The games that have the strongest visual impact--like a Megaman hack--don't actually alter the story or challenge any accepted gaming rhetoric. In cases where the developer themselves allow for arbitrary flips of the Damsel or the hero (Spelunky is the example in the video and I have no desire to ever play it now), it points out how ridiculous the trope is rather than flip the script in a significant way.
The games that attempt to satirize the trope are mostly as harmful as the trope itself. Why? Satire is hard and Scream made it look easy. Meta references are not the same thing as satire yet it's the shorthand substitute for actual meaningful commentary. Naming the Damsel in Earthworm Jim Princess What's-Her-Name only to kill her in the end is more ridiculous than just giving the girl a name and letting her be claimed in the final moments.
Female protagonists can be a great thing for games in the hero rescue mode. Alexandria Roivas in Eternal Darkness: Sanity's Requiem searches out the secret behind her grandfather's murder in a mansion that literally traps the ability to reason within its confines.
Lara Croft in the new Tomb Raider chooses to save her expedition team from their Damsel-ing because it allows her to prove her historical theories.
Eriko in Illbleed saves her Damsel'ed friends from the deadly horror theme park while trying to accomplish her own goal of conquering the park for the cash prize.
Sarkeesian herself suggests Beyond Good & Evil's Jade as a similar character when she has to rescue her Damsel'ed partner partway through the game.

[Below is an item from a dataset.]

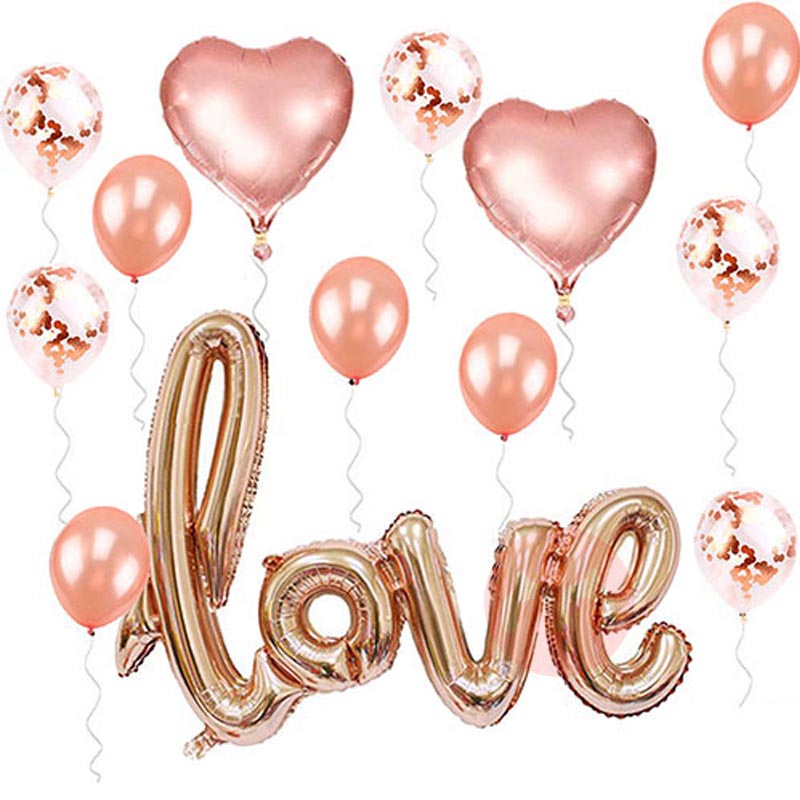 Nice Love Foil Balloons Kit Valenti...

Much more interesting is Sarkeesian's suggestion for how the gaming industry could take the Damsel in Distress trope and turn it into a far more positive phenomenon. Her game pitch at the end of the video is excellent.
Essentially, a princess---the rightful heir to the throne--is thrown in jail by political opponents. She has to break herself out so she can return to the kingdom, uncover the evil-doers, and reclaim the power she was guaranteed by birth. It would be like Yorda (Ico) finding her own way out of the cage and solving the puzzles for herself to regain her full powers and fight against the darkness.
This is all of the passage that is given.